5 of 56 comments (clear)

  1. Re:Prase this, McParseface by mythosaz · · Score: 4, Interesting

    ...and while McParseface is at it, he can chew on:

    "Wouldn't the sentence 'I want to put a hyphen between the words Fish and And and And and Chips in my Fish-And-Chips sign' have been clearer if quotation marks had been placed before Fish, and between Fish and and, and and and And, and And and and, and and and And, and And and and, and and and Chips, as well as after Chips?"

  2. Re:SubjectsSuck by Aighearach · · Score: 2

    It all read just fine to me. The only mistake I noticed was that

    natural-language understanding software

    should have been

    natural-language-understanding software

    since it is the software doing the understanding, not the language. The quote itself is clear and concise. If you didn't understand it that probably just means you lack the technical vocabulary to even make use of the tool.

  3. Time flies like an arrow. by jeffb+(2.718) · · Score: 3, Interesting

    Fruit flies like a banana.

  4. Rule-based still easily best by Jezral · · Score: 2

    94% syntax is definitely good, for a machine learning parser. Now if you were to come to the land of rule-based parsers, 94% is the norm.

    Google loves machine learning, and it's easy to see why. That's how they made their whole stack. They have the huge amounts of data to train on, and the hardware to do so. It's so seductive to just throw a mathematical model at huge amounts of data and let it run for a few weeks.

    Rule-based systems don't need any data to work with - they just need a computational linguist to spend a year writing down the few thousand rules. But the end result is vastly better, fully debuggable, easily updatable, understandable, and domain independent. That last bit is really important. A system trained for legalese won't work on newspapers, but a rule-based system usually works equally well for all domains.

    In 2006, VISL had a rule-based parser doing 96% syntax for Spanish (PDF) - our other parsers are also in that range, and naturally improved since then. Google is hopelessly behind the state of the art.

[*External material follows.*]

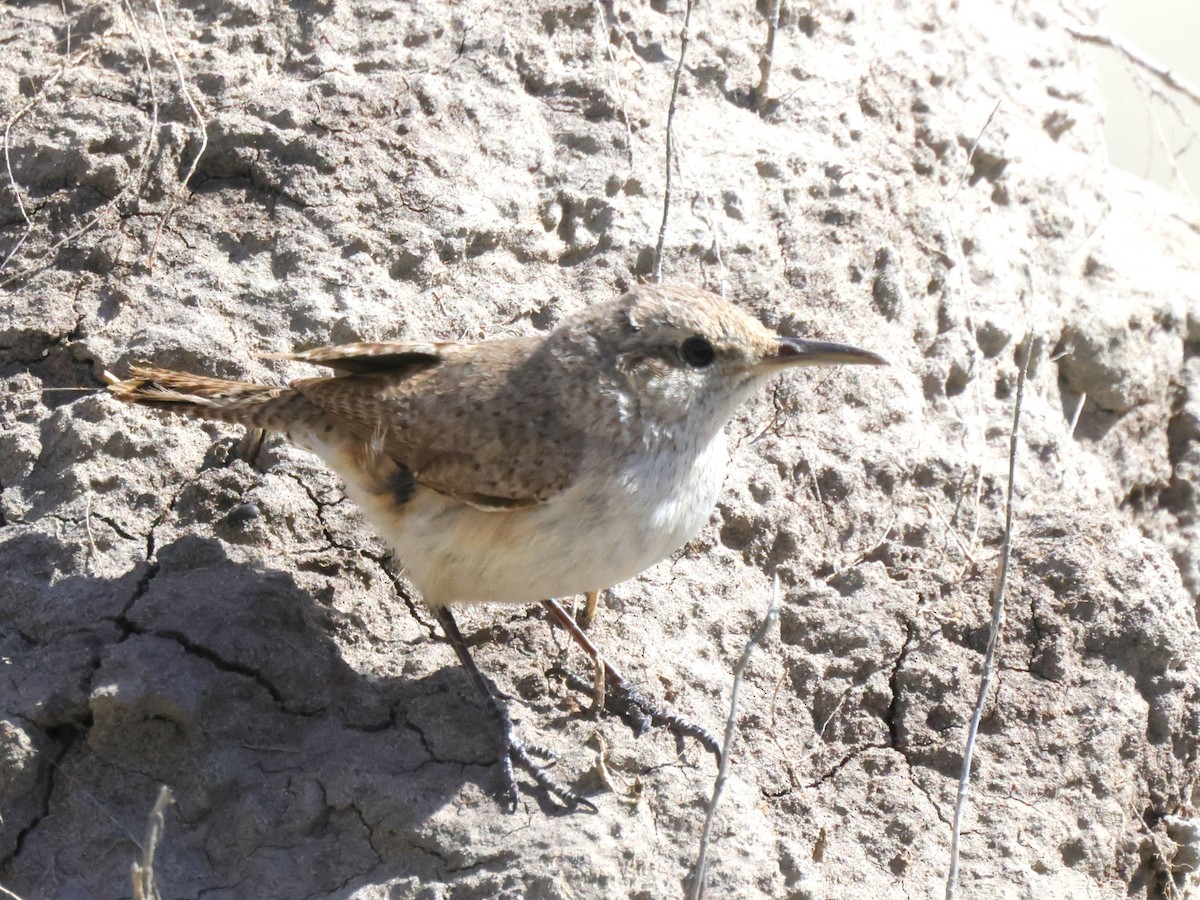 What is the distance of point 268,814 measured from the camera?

    1. Re:Rule-based still easily best by Jezral · · Score: 2

      which seams much more expensive than

      It'd seem that way, but it's really not if you factor in the whole chain.

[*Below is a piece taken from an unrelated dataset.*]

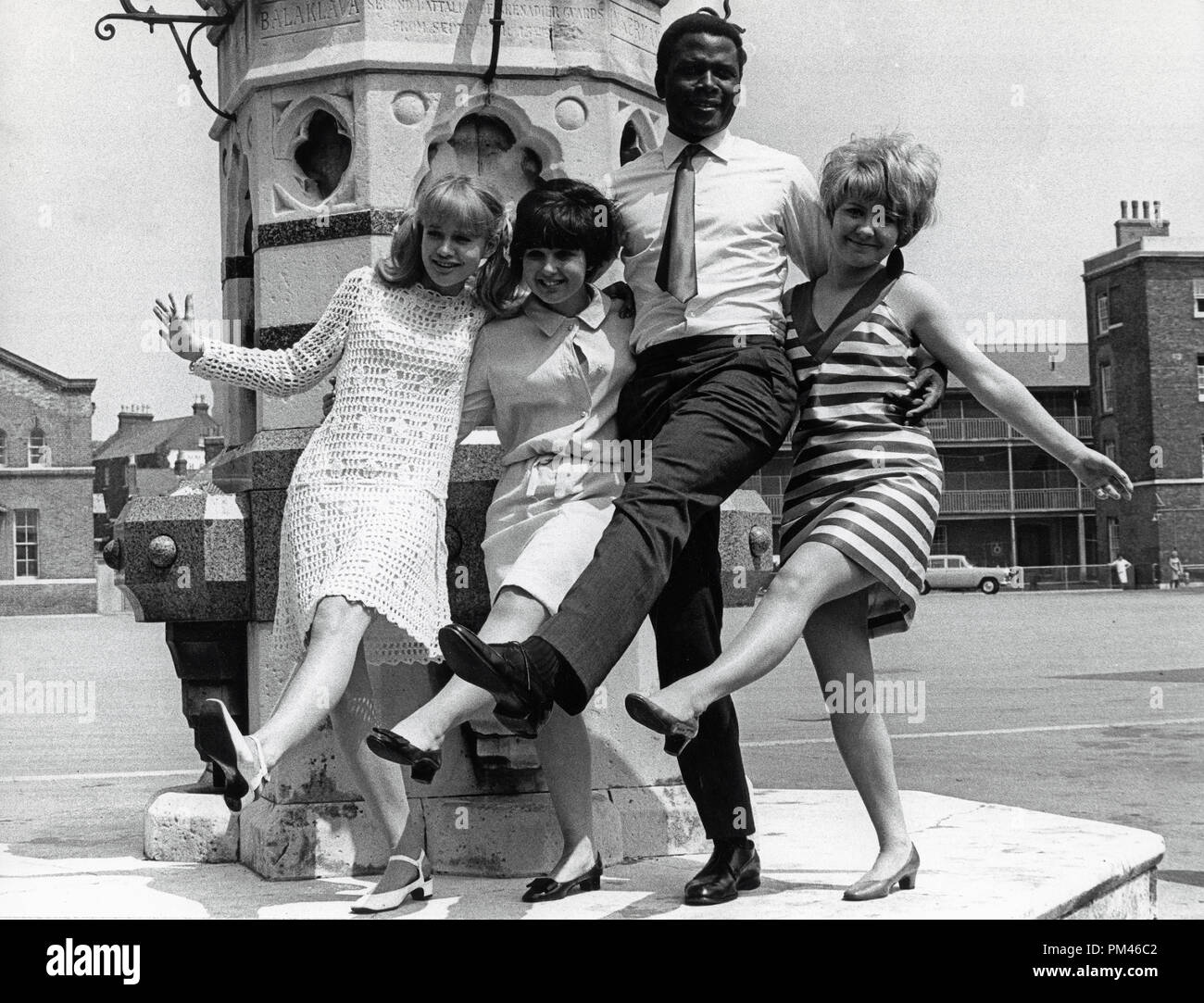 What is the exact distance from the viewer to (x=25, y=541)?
5450 cm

      Machine learning needs high quality annotated treebanks to train from. Creating those treebanks takes many many years. It is newsworthy when a new treebank of a mere 50k words is published. Add to that the fact that each treebank likely uses different annotations, and you need to adjust your machine learner for that, or add a filter. Plus each treebank is for a specific domain, so your finished parser is domain-specific. If you want to work with other kinds of text, you need to produce a treebank for that domain and then train on it.

      Thus, the bulk work is in annotation and mathematical models. Google skipped the step of creating a treebank, and instead use available ones. There aren't any usable treebanks for smaller languages, making the whole machine learning endeavor useless for all but the large languages.

      Rule-based parsers are the opposite of that. You can put the same amount of man hours into creating rules as you otherwise would a treebank plus mathematical model, but you can do so on any old laptop with almost zero data to work from. You just need to know the language. A parser produced in this way is not domain specific, but can be easily specialized for a domain if needed. And a rule-based parser can be used as a bootstrap engine for creating high quality treebanks, because the rules are upwards 99% accurate, meaning humans only need to put a fraction of work on top of it.

      And as I wrote, rules are debuggable. You can figure out exactly why a word was misanalyzed, and fix it. Machine learning can't do that. The edit-compile-test loop of machine learning is in weeks or hours - with rules it's in minutes or seconds.